= Seth Porges =

American television personality

Seth Porges is an American director, producer, journalist, and television commentator. He produced, wrote, and co-directed the feature documentary Class Action Park, which premiered as the number one movie on HBO Max in August 2020. In 2014, he additionally wrote and produced a documentary short about Action Park. He also appears on numerous television shows on the History, National Geographic, Discovery, and Travel channels; including more than 40 episodes of Mysteries at the Museum.

Previously, he worked as a senior editor at Maxim magazine, as an editor at Popular Mechanics magazine, as the technology columnist at Bloomberg News and as a writer for TechCrunch. He is a graduate of Northwestern University’s Medill School of Journalism.

Porges has appeared as a guest commentator on television networks such as MSNBC, Fox News, Fox Business, CNN, and CNBC; as well as The Today Show. His writing has appeared in publications such as BusinessWeek, Men’s Health, Men’s Journal and Editor & Publisher.

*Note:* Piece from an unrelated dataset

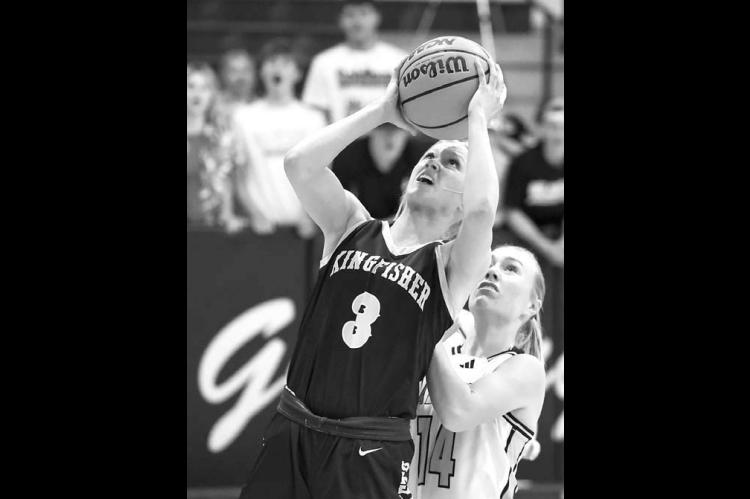ABBIE MYERS recorded 23 points and 12 rebounds as KHS beat Casady 64-48 last Friday night. [Photo by Russell Stitt/ www.stitt.smugmug.com]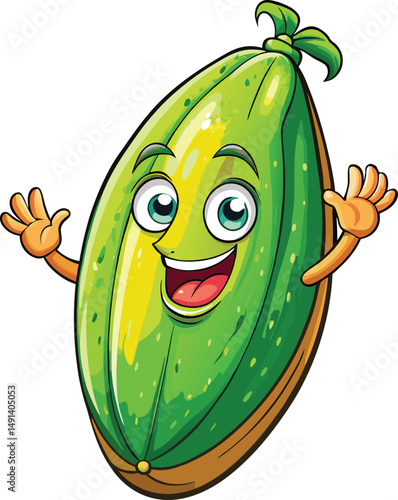 Happy Cartoon Cucumber Character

He is the son of the neuroscientists Stephen Porges and C. Sue Carter, and is the subject of a song by the musician Wesley Willis. In 2009, he received attention as a test pilot on the maiden voyage of an experimental pulse jet-powered carousel. In 2006, he appeared as a contestant on Cash Cab and in 2017 was on the Fox competition show Superhuman, where he displayed his ability to spot art forgeries at a glance. In 2011, he was named as one of "50 Media Power Bachelors" by The New York Observer. and one of Stylecasters "Top 25 IT Kids of 2011".

In 2025, The New York Times reported that Porges has created a documentary on the SantaCon annual pub crawl, based on a trove of footage of the event's early years. The documentary debuted at Doc NYC in November 2025.